Nexviazyme’s safety profile was comparable between groups, and no new safety concerns were identified among patients who switched to the next-generation therapy in the extension phase. During the extension period, five participants across both groups discontinued treatment because of side effects, and six had serious side effects deemed likely related to the therapy.
At the symposium, Sanofi also presented new data from the ongoing, international Phase 2 Mini-COMET trial (NCT03019406), which is evaluating Nexviazyme’s seven-year safety and preliminary effectiveness against Lumizyme in 22 children and adolescents with IOPD. All had previously failed to respond adequately to the standard ERT.
Participants were given either one of two doses of Nexviazyme (20 or 40 mg/kg) or Lumizyme every two weeks for six months, after which all will receive up to 40 mg/kg of Nexviazyme for up to 6.5 years.
Previous six-month data showed that both Nexviazyme doses were well-tolerated, with no reports of severe side effects. Also, the higher dose was superior to standard ERT at lowering disease-associated biomarkers.
Mini-COMET’s new data, which corresponds to nearly two years of treatment, showed that Nexviazyme was generally well-tolerated, with most side effects being only mildly to moderately severe.
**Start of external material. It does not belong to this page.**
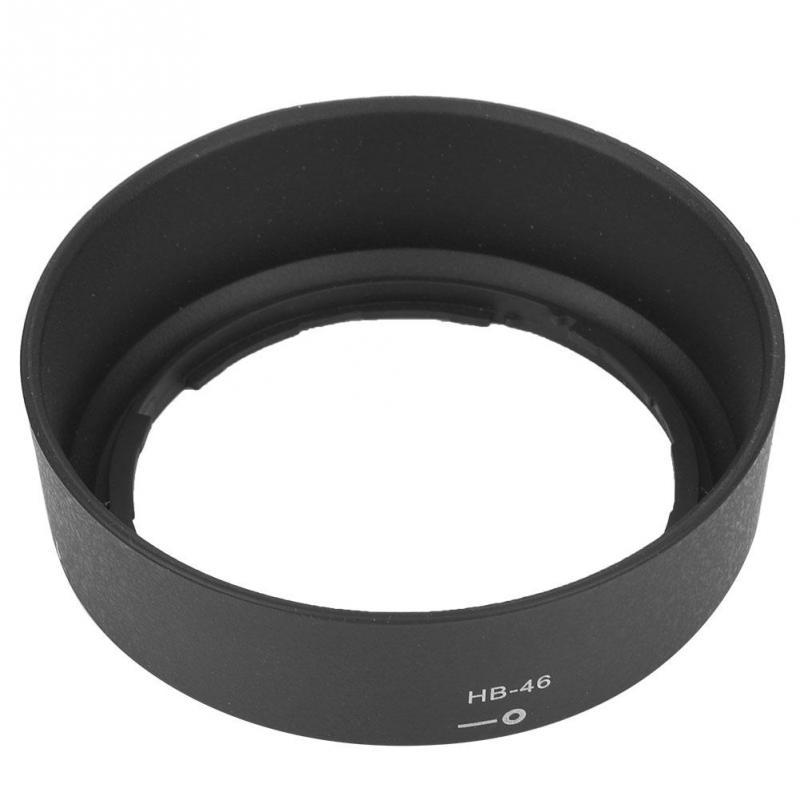 Buy HB46 ABS Mount Lens Hood Replacement for Nikon AFS 35mm f/1.8G DX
There were no serious or severe treatment-related side effects or deaths.
The most commonly reported side effects included rashes (36.4%), falls, pneumonia, and fever (31.8% each), headache (27.3%), upper respiratory tract infections (27.3%), and vomiting (22.7%).
Notably, participants initially assigned to Lumizyme and who switched to Nexviazyme’s high dose after six months showed no increased risk of safety concerns or side effects.
In addition, participants treated with Nexviazyme for two years showed stable or improved motor function, as assessed by several validated measures, and none showed signs of heart damage, a common complication of IOPD.
The trial design for the open-label, international Phase 3 Baby-COMET trial (NCT04910776) — which will assess the proportion of patients who are alive and free of invasive ventilation after one year of Nexviazyme treatment — also was shared at the symposium.
The study, currently enrolling in Europe and Taiwan, is evaluating Nexviazyme’s four-year safety and effectiveness in up to 16 previously untreated infants up to 6 months old with IOPD. The therapy’s pharmacokinetics, or its movement into, through, and out of the body, also will be assessed, along with its pharmacodynamics, or its effects on the body.
Data on the need for invasive ventilation from Baby-COMET will be compared with the results of an external group of Lumizyme-treated patients. Top-line data are expected in May 2024.